* _Source data_

————

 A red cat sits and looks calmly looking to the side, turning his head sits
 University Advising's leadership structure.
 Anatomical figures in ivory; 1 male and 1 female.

————

* _Task prompt_
Once you reach the line that contains "University Advising's leadership structure.", transcribe it and all remaining lines of the listing exactly; skip everything before it.

* _Solved exercise_
 University Advising's leadership structure.
 Anatomical figures in ivory; 1 male and 1 female.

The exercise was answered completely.